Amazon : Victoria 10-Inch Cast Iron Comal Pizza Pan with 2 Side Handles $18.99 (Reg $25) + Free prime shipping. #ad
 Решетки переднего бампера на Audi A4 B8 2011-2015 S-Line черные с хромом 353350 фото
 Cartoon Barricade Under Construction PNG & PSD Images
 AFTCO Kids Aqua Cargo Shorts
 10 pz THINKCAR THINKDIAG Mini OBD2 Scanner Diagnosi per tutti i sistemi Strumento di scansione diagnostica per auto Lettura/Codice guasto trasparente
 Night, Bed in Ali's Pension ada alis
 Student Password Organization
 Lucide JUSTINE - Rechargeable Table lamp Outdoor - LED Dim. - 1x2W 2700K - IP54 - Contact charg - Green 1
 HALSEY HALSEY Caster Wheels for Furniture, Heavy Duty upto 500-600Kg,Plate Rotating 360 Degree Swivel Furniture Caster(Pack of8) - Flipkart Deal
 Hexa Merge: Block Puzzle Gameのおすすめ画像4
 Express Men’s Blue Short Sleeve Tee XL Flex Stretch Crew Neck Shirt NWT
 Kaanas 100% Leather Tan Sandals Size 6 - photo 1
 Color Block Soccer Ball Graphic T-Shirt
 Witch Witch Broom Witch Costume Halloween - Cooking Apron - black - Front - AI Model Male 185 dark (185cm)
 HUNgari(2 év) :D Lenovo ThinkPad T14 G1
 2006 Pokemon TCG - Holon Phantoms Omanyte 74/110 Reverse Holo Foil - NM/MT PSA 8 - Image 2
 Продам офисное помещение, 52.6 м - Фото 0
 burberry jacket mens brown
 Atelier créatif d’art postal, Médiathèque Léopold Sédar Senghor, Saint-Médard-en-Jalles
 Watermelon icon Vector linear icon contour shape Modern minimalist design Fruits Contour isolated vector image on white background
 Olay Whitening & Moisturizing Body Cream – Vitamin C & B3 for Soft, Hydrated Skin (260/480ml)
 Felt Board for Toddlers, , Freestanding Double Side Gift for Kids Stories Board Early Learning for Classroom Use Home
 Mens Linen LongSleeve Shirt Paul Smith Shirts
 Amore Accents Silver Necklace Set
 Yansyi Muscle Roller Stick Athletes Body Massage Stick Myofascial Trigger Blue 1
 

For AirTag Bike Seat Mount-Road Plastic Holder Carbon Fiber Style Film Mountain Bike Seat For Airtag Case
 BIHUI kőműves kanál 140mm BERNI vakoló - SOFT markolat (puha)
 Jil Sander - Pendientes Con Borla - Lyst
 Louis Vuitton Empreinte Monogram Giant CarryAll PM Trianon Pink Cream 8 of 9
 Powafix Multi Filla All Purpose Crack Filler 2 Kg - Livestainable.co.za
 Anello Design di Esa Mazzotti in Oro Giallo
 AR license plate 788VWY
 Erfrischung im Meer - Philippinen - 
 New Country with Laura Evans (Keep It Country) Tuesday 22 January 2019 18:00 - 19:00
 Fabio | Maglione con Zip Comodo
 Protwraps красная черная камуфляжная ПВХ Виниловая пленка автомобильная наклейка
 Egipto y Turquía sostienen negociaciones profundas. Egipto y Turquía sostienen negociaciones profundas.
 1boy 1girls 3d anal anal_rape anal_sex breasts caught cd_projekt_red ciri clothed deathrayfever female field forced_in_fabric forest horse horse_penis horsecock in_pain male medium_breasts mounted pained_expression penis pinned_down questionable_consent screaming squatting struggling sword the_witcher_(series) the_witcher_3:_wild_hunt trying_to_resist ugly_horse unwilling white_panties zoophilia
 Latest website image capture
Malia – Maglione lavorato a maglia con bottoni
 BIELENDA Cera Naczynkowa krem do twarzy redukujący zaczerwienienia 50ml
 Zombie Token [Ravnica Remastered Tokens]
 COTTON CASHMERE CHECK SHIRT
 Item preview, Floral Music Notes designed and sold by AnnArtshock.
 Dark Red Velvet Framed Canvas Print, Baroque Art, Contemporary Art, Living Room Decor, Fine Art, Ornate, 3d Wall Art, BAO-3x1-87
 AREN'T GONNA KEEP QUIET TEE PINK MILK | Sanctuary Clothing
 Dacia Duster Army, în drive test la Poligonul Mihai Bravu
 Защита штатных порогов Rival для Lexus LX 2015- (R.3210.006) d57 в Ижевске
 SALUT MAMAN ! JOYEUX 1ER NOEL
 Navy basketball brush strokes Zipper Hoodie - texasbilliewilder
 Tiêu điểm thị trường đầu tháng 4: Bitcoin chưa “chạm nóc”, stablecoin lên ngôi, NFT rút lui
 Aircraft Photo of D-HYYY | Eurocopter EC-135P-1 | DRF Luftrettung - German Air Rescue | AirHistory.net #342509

» Work to be completed: Every line above that holds the word "Blue" should be copied out.

» Output for this task:
 Express Men’s Blue Short Sleeve Tee XL Flex Stretch Crew Neck Shirt NWT
 Yansyi Muscle Roller Stick Athletes Body Massage Stick Myofascial Trigger Blue 1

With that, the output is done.